Monday, November 20, 2023

Gotta Catch Them All (Emily Dickinson Poems, of Course!)


As we go toward the end of the year, we may find ourselves with some awkward pacing.  You can't always test on the last day (and that provides some headaches when students are absent and now have to wait until January to be tested on material they have forgotten) and you don't want to start something new just to have a two week interlude.

Here's a lesson that can be in about half a period.  It's fun and it is content relevant.

If I were teaching American Lit, I would just do this when I get to Emily Dickinson.  But as a British Lit teacher and an AP Lit teacher, we still talk about meter, iambic pentameter, and the effect these have on the poetry.  This especially works well after trying to teach a Shakespeare play if you focused any on how iambic pentameter works.

This presentation has students read three Emily Dickinson poems.  Feel free to go into whatever detail about Emily Dickinson's life you would like to add (she had a killer cake recipe and if done her way is coated with brandy and lasts quite a long time!).  Have the kids experience the poetry and get their thoughts.  They are short and different from what many kids are used to, so can be quite fun for discussions.

Then hit them with the common meter lesson.  This will seem boring until they get to the next slide - 

 I've taught this to standard and inclusion kids and they really perk up to this part.  Once you explain to them that all the above poems can be read to this song because of common meter, they are awed.  You are the cool teacher!

Want more cool points as a teacher?  Break out the karaoke machine and have the kids sing the poem into the microphone.

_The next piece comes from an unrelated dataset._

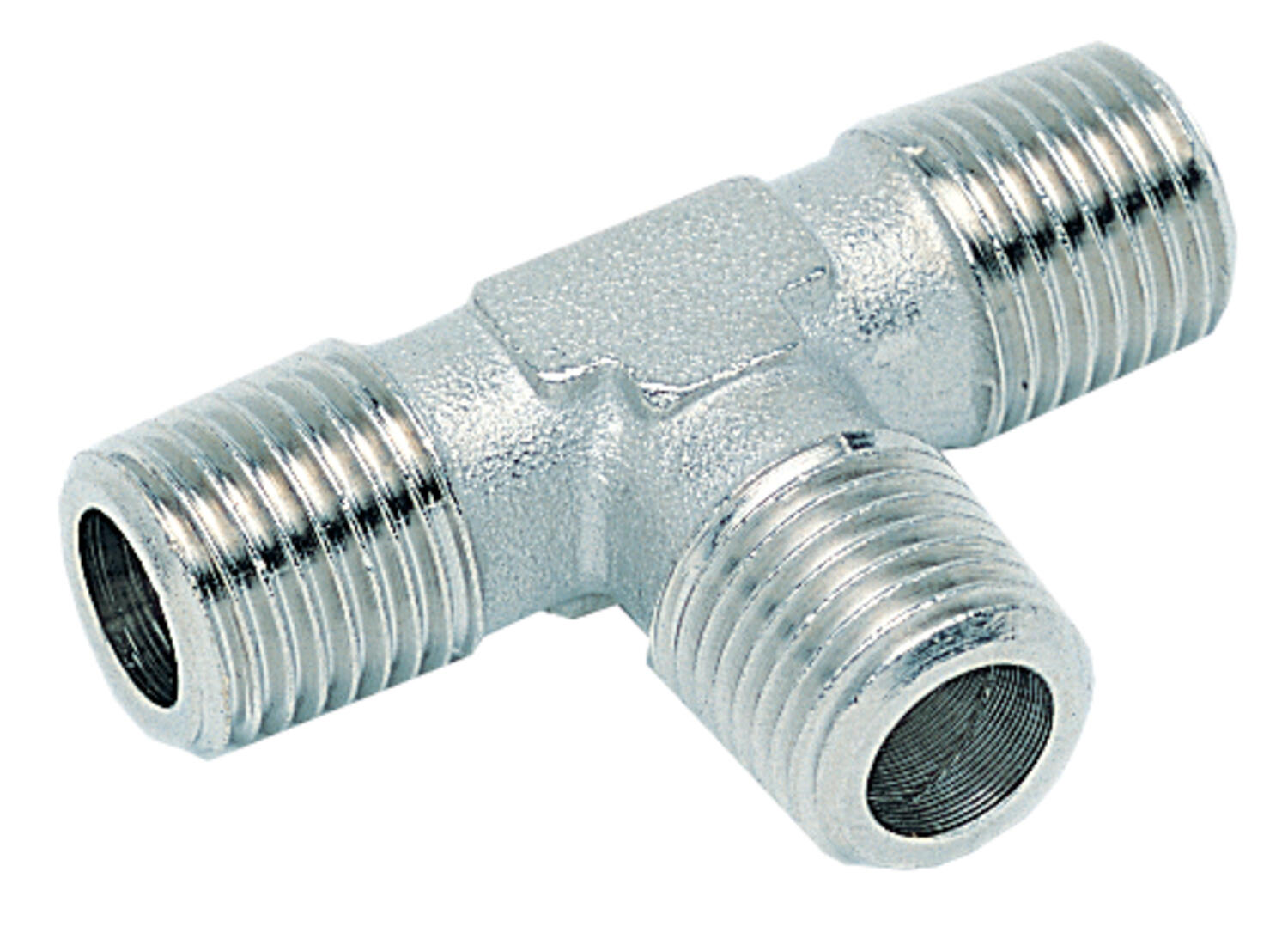 T-flue, external conic tap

I provided slides to encourage the re-reading of the poems Pokemon-style.  Then we hit them with a few more songs they may be familiar with to wrap it up.  This can take you anywhere between 15 minutes to 30 minutes (maybe more) depending on how conversation goes.

Have fun with it!  

Friday, November 17, 2023

Freebie - Macbeth Background Slides

 When we read Macbeth, I like to make it as immersive as possible.  We have the fog machine for all the witch scenes, sound effects students, etc.  I am still looking for an affordable lightning and thunder strobe, but none fit the bill (either in what I want from it or the price).  I also need to get my hands on a few items for students to wear or have on their desk while reading (like a crown for whoever is king at the time, etc.).

One thing I do is to have images on our screen to help set the mood.  None of the images are mine, but if you like them, each slide has a link to where the image came from. You can get the slides for free here:

I would love to here what you do to make that Scottish play work in your classroom!

Tuesday, November 14, 2023

Image Quiz

 Today's my birthday, so in the spirit of the hobbits, I'll give you a gift!

Don't get too excited, it's a small one, but I think it is something you haven't seen.  I am always on the lookout for alternative online quizzes to compete with Kahoot and Blooket.  This isn't on their level, but is very different, which gives it a nice twist.  Introducing Image Quiz!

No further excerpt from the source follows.